I am sure others will chime in with their brand of choice.

Rick


----------



## Smudgemo (Jul 30, 2014)

I replaced my G0704 with the Precision Mathews PM 935 TS and I want to do a happy-dance every time I use it.  I’d think long and hard about going away from a knee mill.  The bench mills w/o a knee can be great, but barring unforeseen circumstances, I’d never go back.

-Ryan


----------



## zmotorsports (Jul 30, 2014)

I can attest to what Ryan said about going away from a knee mill to a benchtop, I would reconsider that.  I work with a knee mill (BP clone) at work and had a 3-in-1 machine at home until a few months ago.  I had originally decided to going with the Precision Mathews PM932PDF which is a RF-45 size (benchtop) but couldn't wrap my head around the idea of going not having/using a knee mill.  I then ordered the PM935TV, same as Ryan. and I am awaiting shipment at the moment.  It is a 2/3 size Bridgeport clone with a full-featured Bridgeport head.  It also has 12" of Y-axis travel which is unheard of in this size machine.

Mike.


----------



## Bd180 (Jul 31, 2014)

I appreciate the input guys but 5-6 k for a mill is out of my price range. So that leaves me with used Bridgeport/ clone or Charter Oak automation new industrial hobbies clone . Travels are 26x12 x 22 x4.75 for $2500 plus shipping.
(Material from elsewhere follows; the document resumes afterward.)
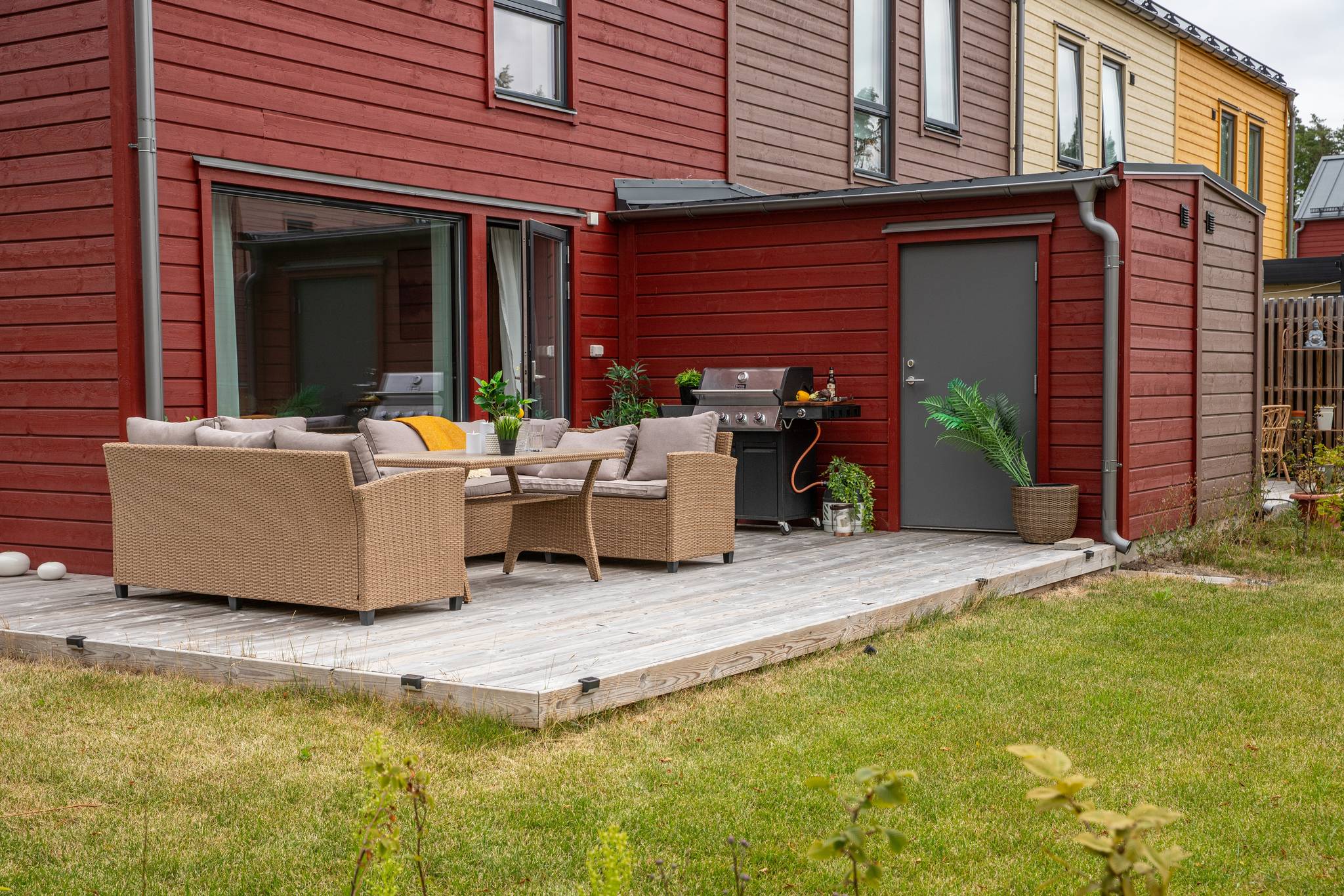 5 rum Par-/kedje-/radhus på Källbergavägen 46D Ösmo - Källberga Nynäshamns kommun - bild 38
Some of the used stuff I've been looking at in that price range scares me.


----------



## Uglydog (Jul 31, 2014)

I've been watching this Cincy Mill in Largo Florida. 

http://www.ebay.com/itm/Cincinnati-...076?pt=LH_DefaultDomain_0&hash=item27e889fddc

Nothing against the imports or the Bridgys (which I've used at the Tech School).
But, I'd take another Cincy if I had it to do over again.

Daryl
MN


----------



## tmarks11 (Jul 31, 2014)

Bd180 said:


> ... or Charter Oak automation new industrial hobbies clone...



)

Just a small quibble with that statement.  It is not a "industrial hobbies clone".  

Industrial Hobbies sold their business, and the new owner renamed it "Charter Oak".  It is the same machine that was sold under the Industrial Hobbies label. 

Now if you wanted to call it a "Rong Fu 45" clone, that would be accurate, although it has been heavily modified over about a decade with beefed up table and head swivel.

Machine Tool Warehouse in Ontario used to sell one of these, had the gall to call it "Industrial Hobbies Clone" on their website!

Why is Charter Oak/IH the only RF45 machine you are looking at?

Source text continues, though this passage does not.